> _WHAT YOU HAVE TO DO_: Give back, unaltered, the lines from the one with "Ver imagem 5" to the end of the material, omitting pictures.

-- Opening Marker --

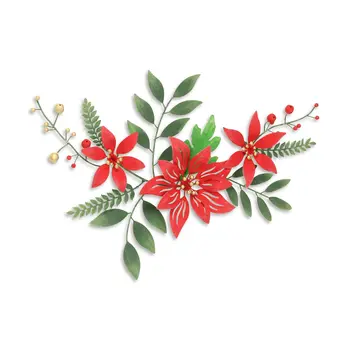 15" X 22" Red Christmas Floral Metal Hanging Dimensional Sculpture
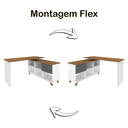 Ver imagem 5 de Escrivaninha Retrô em L Mesa Escritório e Home Office com e Gold 2 Gavetas 5 Nichos 145cm Marrom Artany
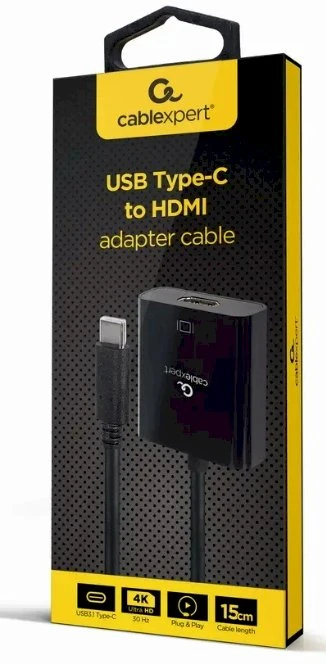 GEMBIRD USB Type-C į HDMI adapterio laidas 4K30Hz 15cm juodas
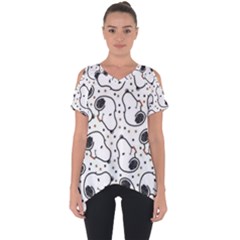 Dog Pattern Cut Out Side Drop Tee by Wegoenart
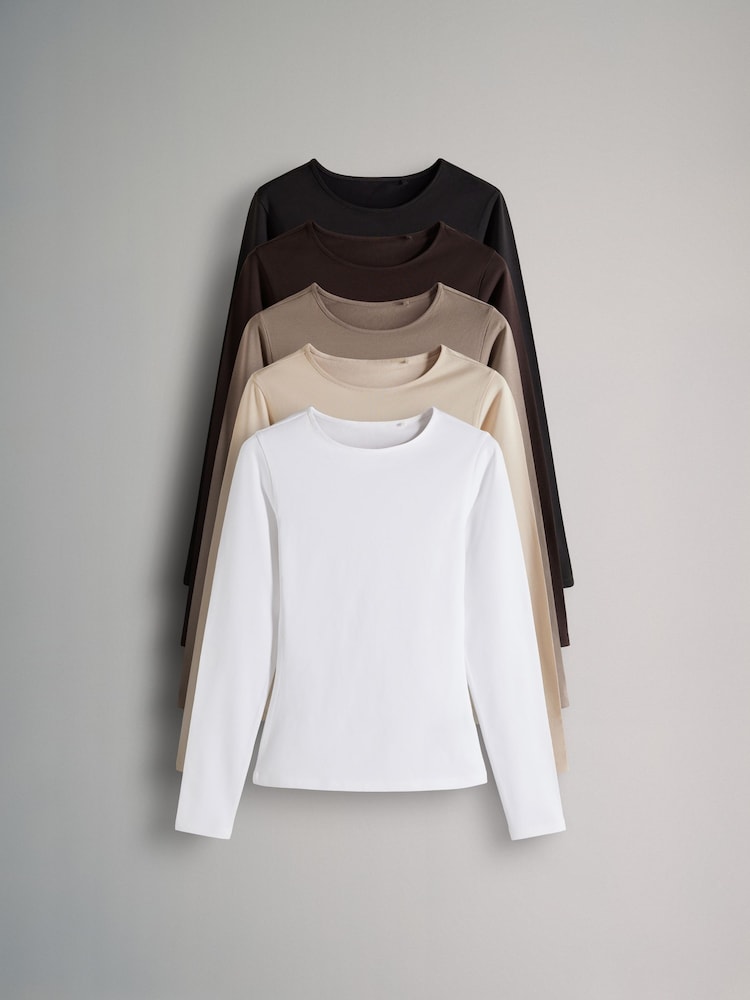 The Set Black/Brown/Nude/White 5 Pack Long Sleeve Crew Neck T-Shirts - Image 2 of 18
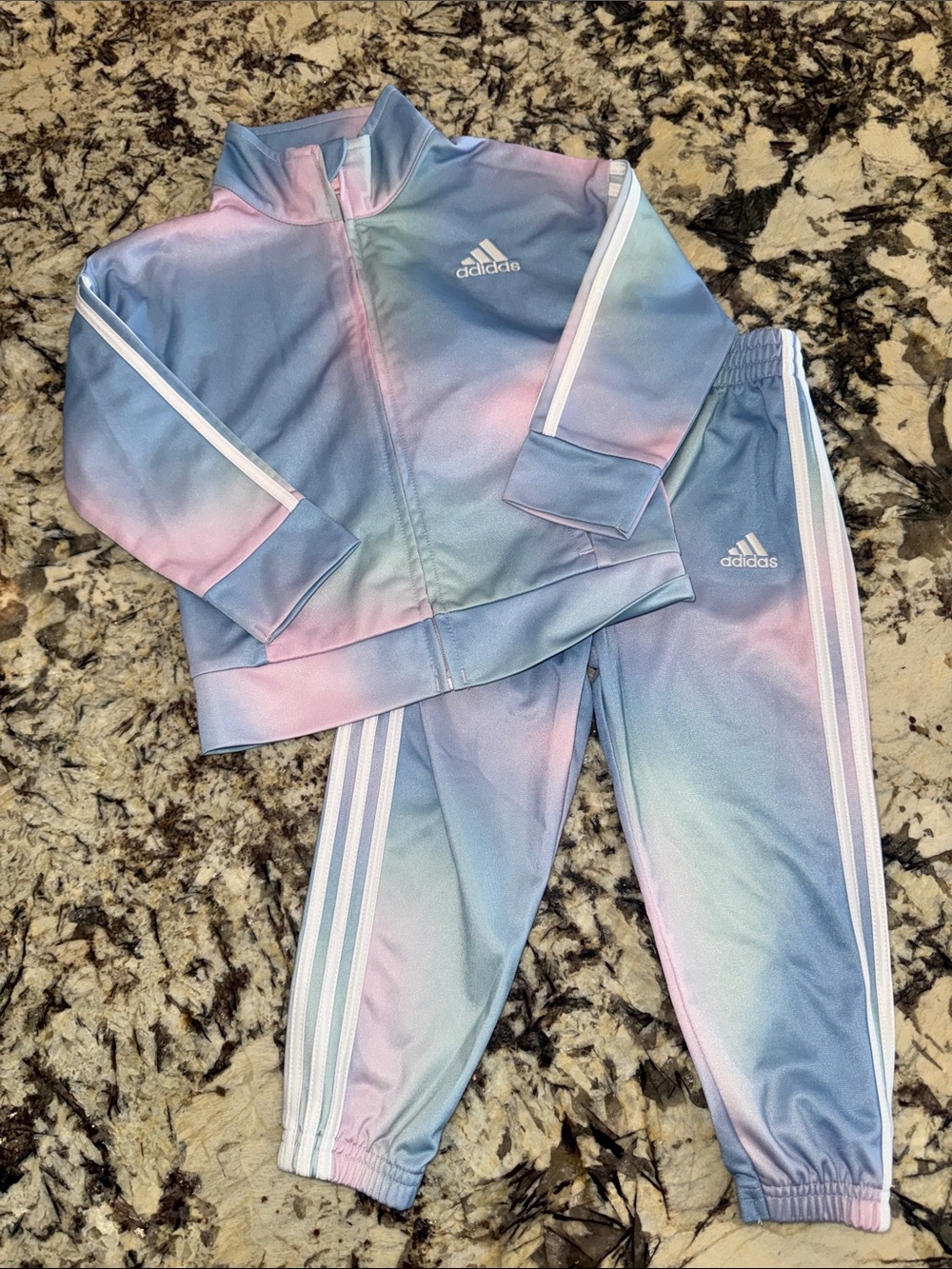 Adidas Kids Pastel Tie-Dye Track Pants & Jacket - Brand New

-- Closing Marker --

> _EXPECTED ANSWER_:
 Ver imagem 5 de Escrivaninha Retrô em L Mesa Escritório e Home Office com e Gold 2 Gavetas 5 Nichos 145cm Marrom Artany
 GEMBIRD USB Type-C į HDMI adapterio laidas 4K30Hz 15cm juodas
 Dog Pattern Cut Out Side Drop Tee by Wegoenart
 The Set Black/Brown/Nude/White 5 Pack Long Sleeve Crew Neck T-Shirts - Image 2 of 18
 Adidas Kids Pastel Tie-Dye Track Pants & Jacket - Brand New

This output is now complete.